- Opening Delimiter -

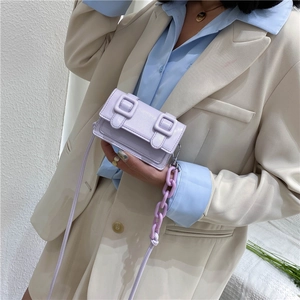 Women Mini PU Leather Crossbody Bag Fashion Candy Color Small Square Shoulder Bag With Chain Decoration Korean Style Bag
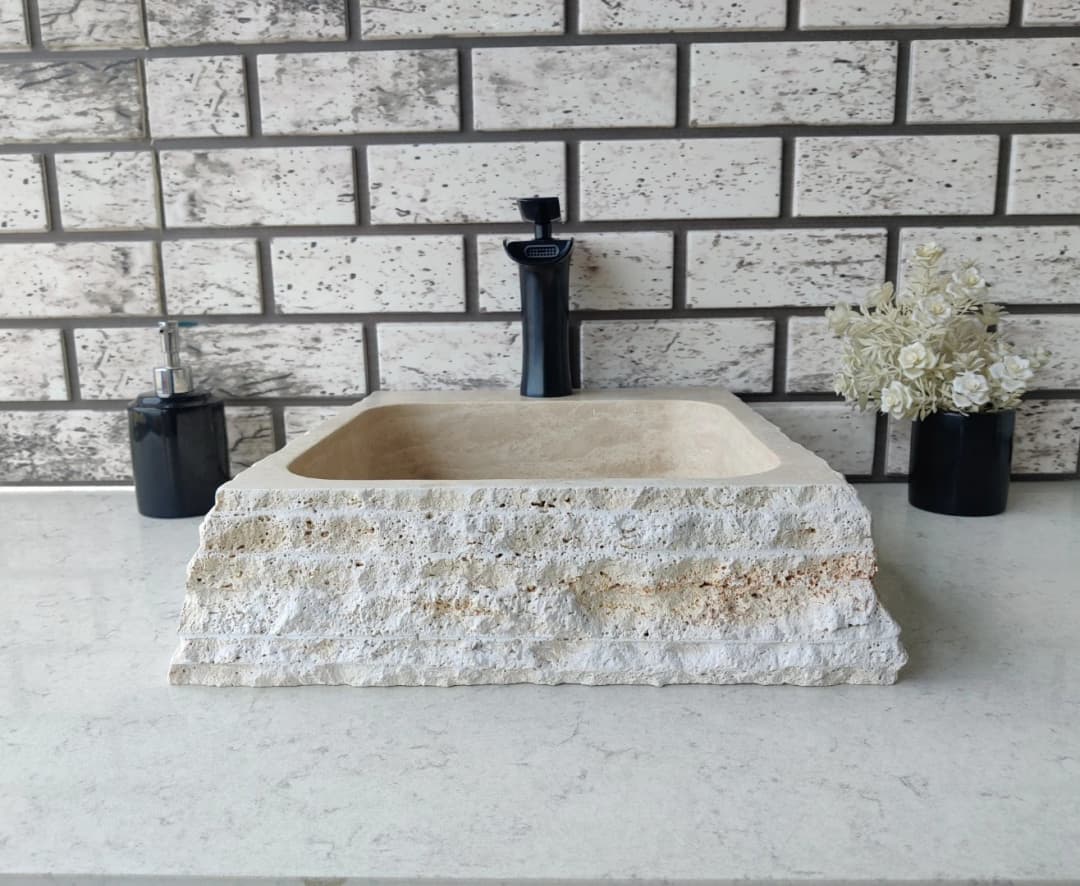 Traverten Mikro Patlatma Mermer Lavabo 5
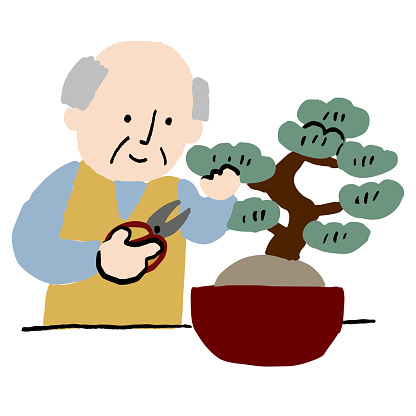 Old man taking care of bonsai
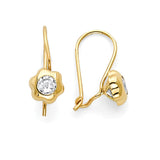 White CZ Flower Huggie Earrings in 14K Gold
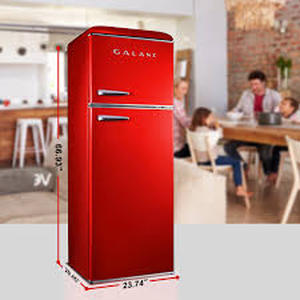 lot 5 image: Galanz Retro Style Double Door Refrigerator - Red - Retail $599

- Closing Delimiter -

● Work order:
From the first line to the last, repeat the material exactly, but drop the pictures.

● Task result:
 Women Mini PU Leather Crossbody Bag Fashion Candy Color Small Square Shoulder Bag With Chain Decoration Korean Style Bag
 Traverten Mikro Patlatma Mermer Lavabo 5
 Old man taking care of bonsai
 White CZ Flower Huggie Earrings in 14K Gold
 lot 5 image: Galanz Retro Style Double Door Refrigerator - Red - Retail $599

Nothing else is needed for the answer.